Each line from the one with "Gene Carr Mixed" to the final line of the data must be reproduced exactly, and no other line may appear.

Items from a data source
◇ ◇ ◇ ◇ ◇ ◇ ◇

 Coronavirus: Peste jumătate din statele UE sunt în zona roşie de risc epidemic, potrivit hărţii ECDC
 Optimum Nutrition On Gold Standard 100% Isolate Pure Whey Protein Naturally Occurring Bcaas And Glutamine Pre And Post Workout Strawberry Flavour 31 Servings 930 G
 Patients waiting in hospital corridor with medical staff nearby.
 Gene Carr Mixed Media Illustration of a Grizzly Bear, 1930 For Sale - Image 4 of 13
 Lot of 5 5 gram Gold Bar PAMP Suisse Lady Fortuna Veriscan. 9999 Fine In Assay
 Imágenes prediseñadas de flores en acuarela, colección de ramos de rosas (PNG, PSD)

◇ ◇ ◇ ◇ ◇ ◇ ◇

** Answer for this exercise **
 Gene Carr Mixed Media Illustration of a Grizzly Bear, 1930 For Sale - Image 4 of 13
 Lot of 5 5 gram Gold Bar PAMP Suisse Lady Fortuna Veriscan. 9999 Fine In Assay
 Imágenes prediseñadas de flores en acuarela, colección de ramos de rosas (PNG, PSD)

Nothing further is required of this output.